**Work task:** Repeat, exactly as written, the lines from the one with "Sand texture" to the final line of the listing, and keep every picture out.

**Supplied data:**
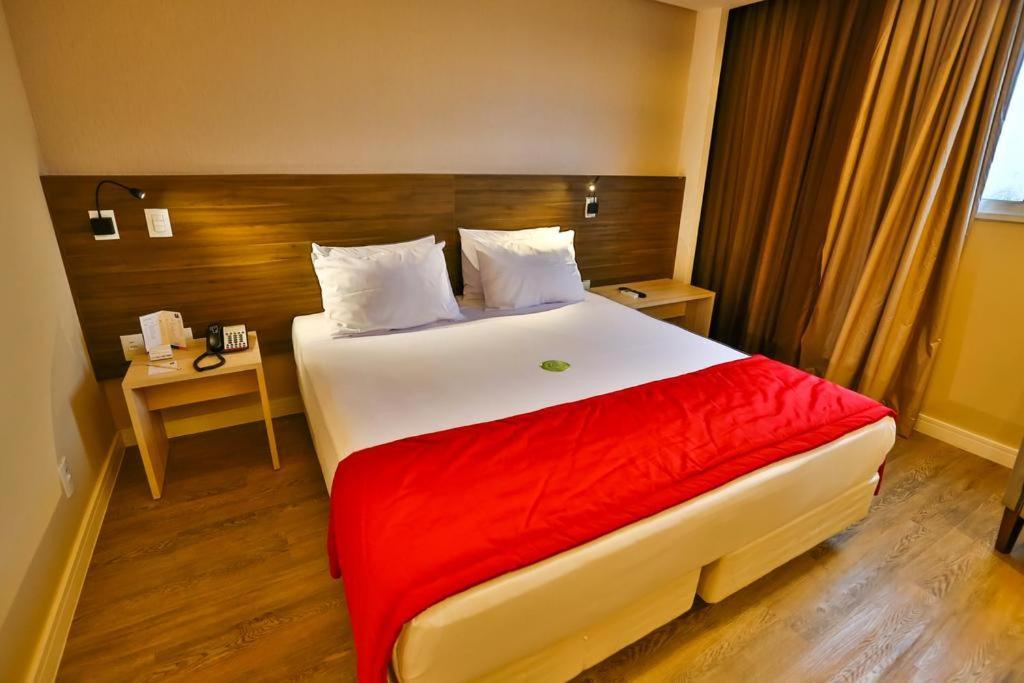 Ibiza Plaza Hotel Anápolis Exteriér fotografie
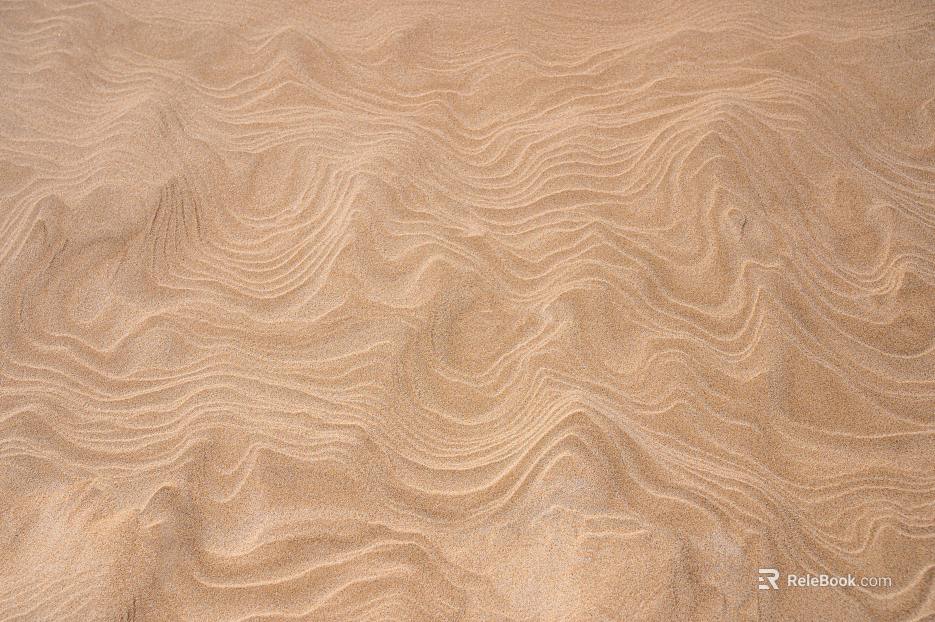 Sand texture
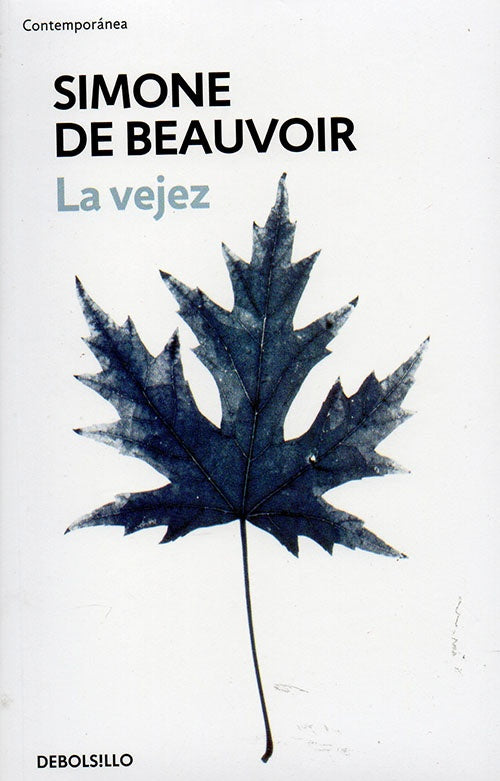 VEJEZ, LA | SIMONE DE BEAUVOIR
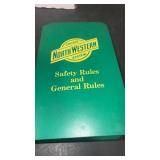 Northwestern Safety Rules & General Rules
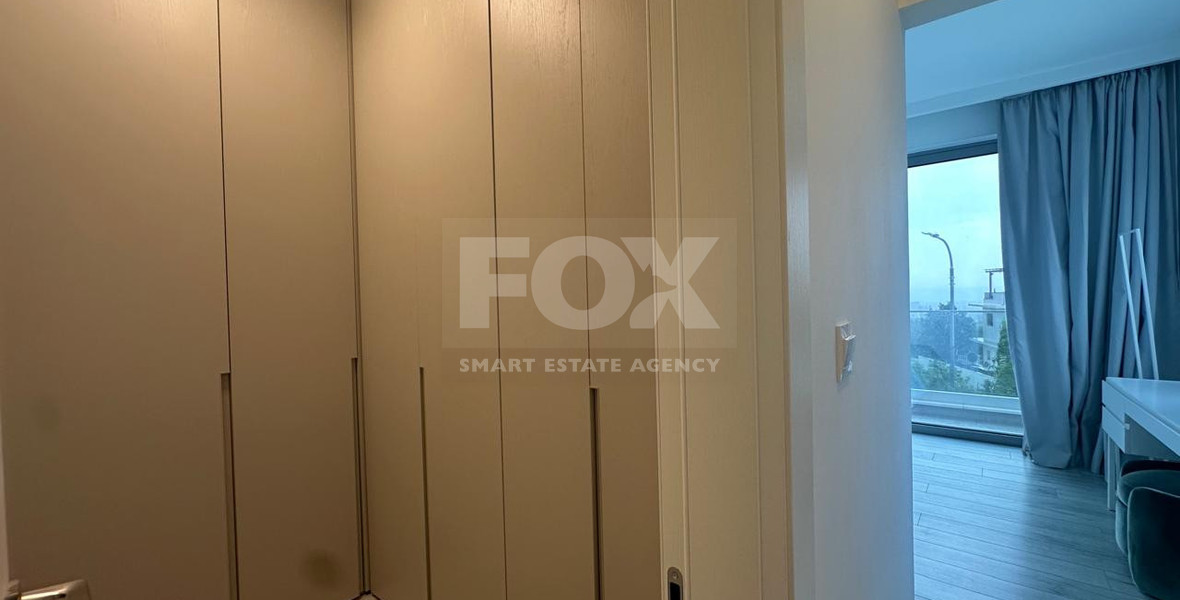 For Sale  Luxury six-Bedroom Villa with Panoramic Sea Views in Agia Paraskevi-Germasogeia, Limassol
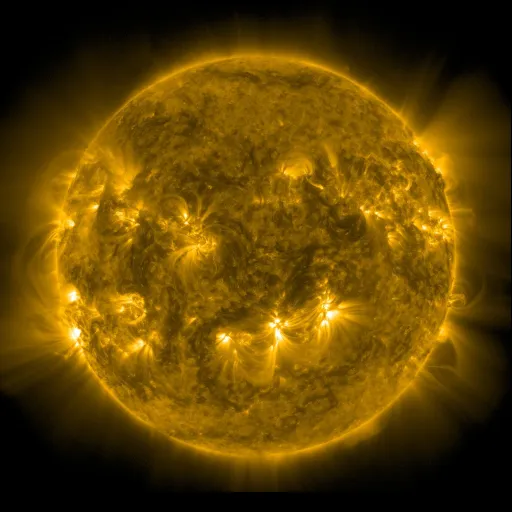 Solar Corona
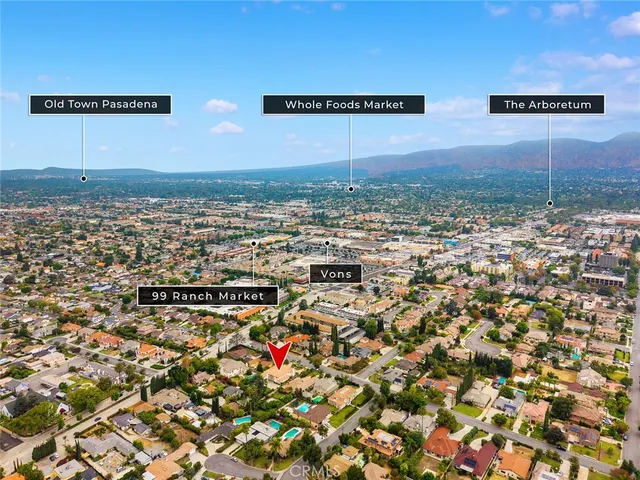 $3,880,000 | 662 West Norman Avenue, Arcadia, CA 91007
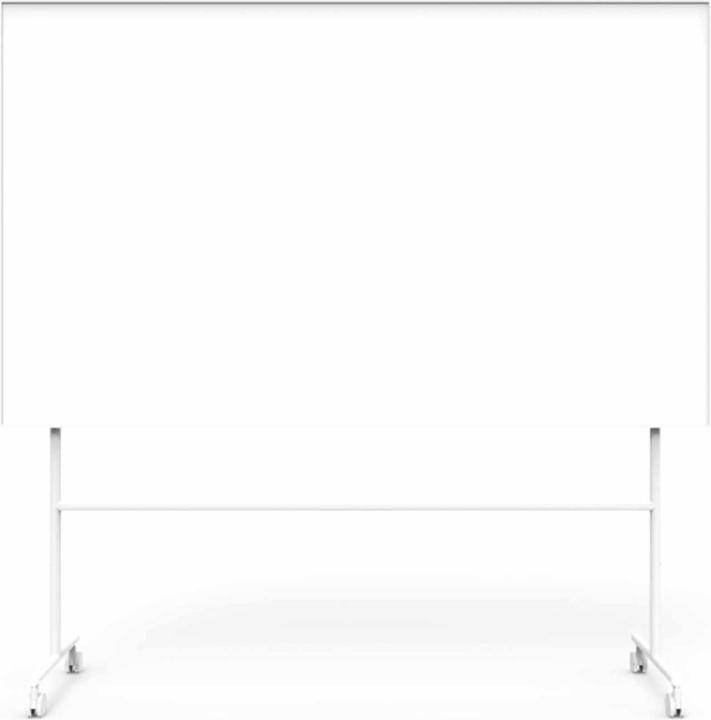 Image du produit Lintex Un tableau blanc mobile Tableau d'écriture (200,5 x 5 cm)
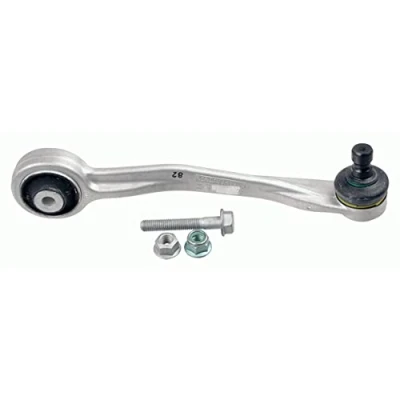 Imagen de LEMFÖRDER 33899 02 Barra oscilante, suspensión de ruedas Eje delantero, derecha, posterior, arriba Brazo oscilante transversal Aluminio AUDI: Q5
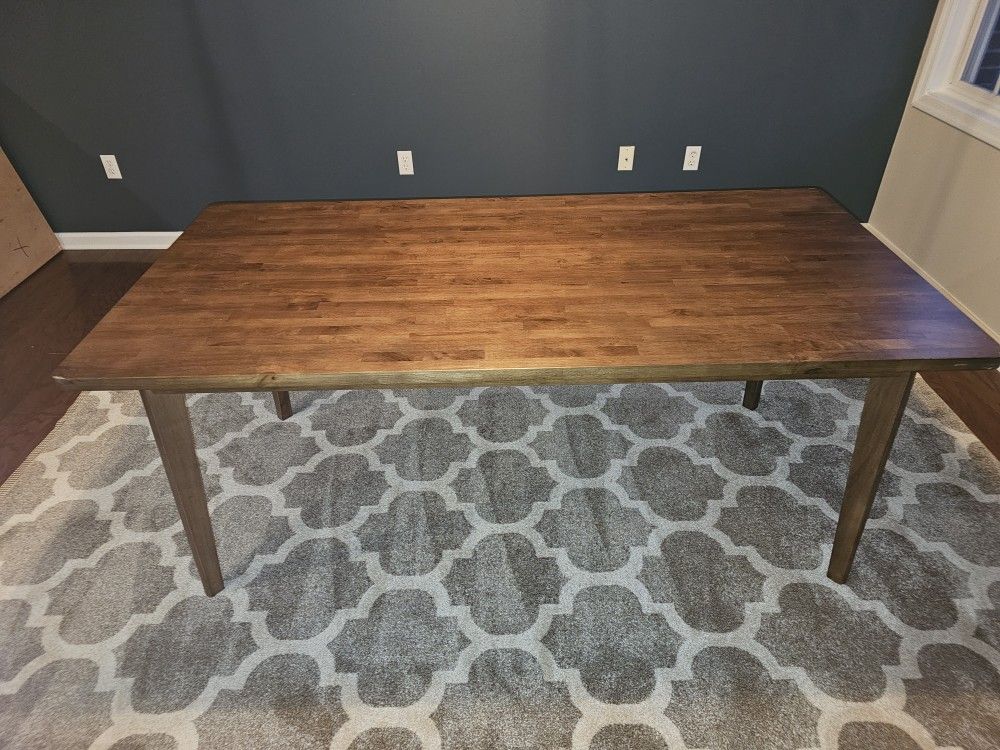 Free Table - 71" Seb Dining Table
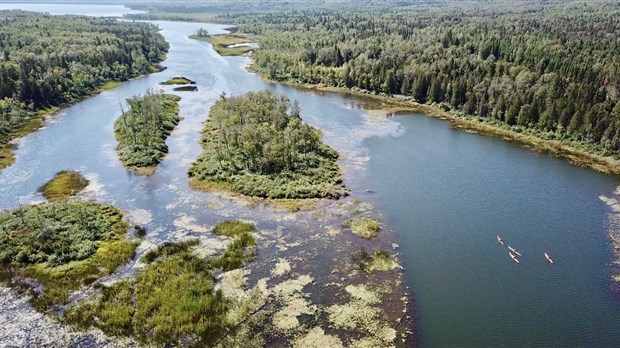 Le Parc national du Lac-Témiscouata ouvre trois semaines plus tôt 
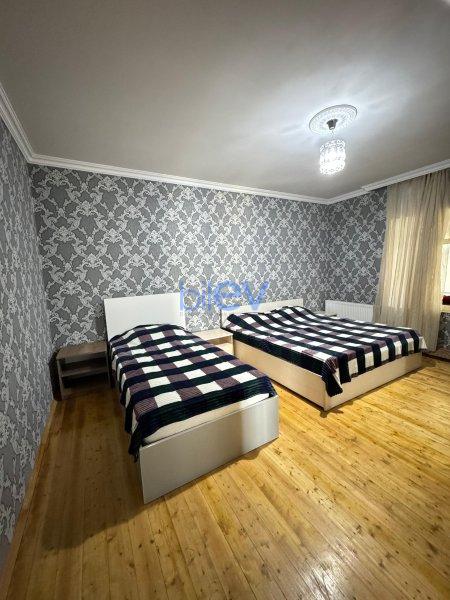 Günlük Kirayə 2 otaqlı Həyət evi  90m², Qəbələ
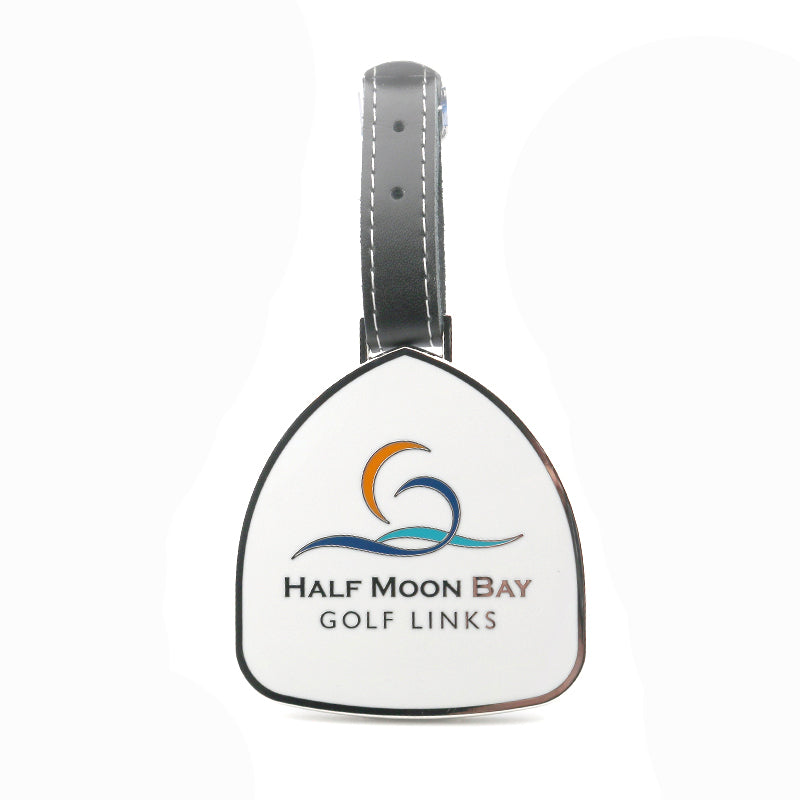 Highway 1 Bag Tag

**Task solution:**
 Sand texture
 VEJEZ, LA | SIMONE DE BEAUVOIR
 Northwestern Safety Rules & General Rules
 For Sale  Luxury six-Bedroom Villa with Panoramic Sea Views in Agia Paraskevi-Germasogeia, Limassol
 Solar Corona
 $3,880,000 | 662 West Norman Avenue, Arcadia, CA 91007
 Image du produit Lintex Un tableau blanc mobile Tableau d'écriture (200,5 x 5 cm)
 Imagen de LEMFÖRDER 33899 02 Barra oscilante, suspensión de ruedas Eje delantero, derecha, posterior, arriba Brazo oscilante transversal Aluminio AUDI: Q5
 Free Table - 71" Seb Dining Table
 Le Parc national du Lac-Témiscouata ouvre trois semaines plus tôt 
 Günlük Kirayə 2 otaqlı Həyət evi  90m², Qəbələ
 Highway 1 Bag Tag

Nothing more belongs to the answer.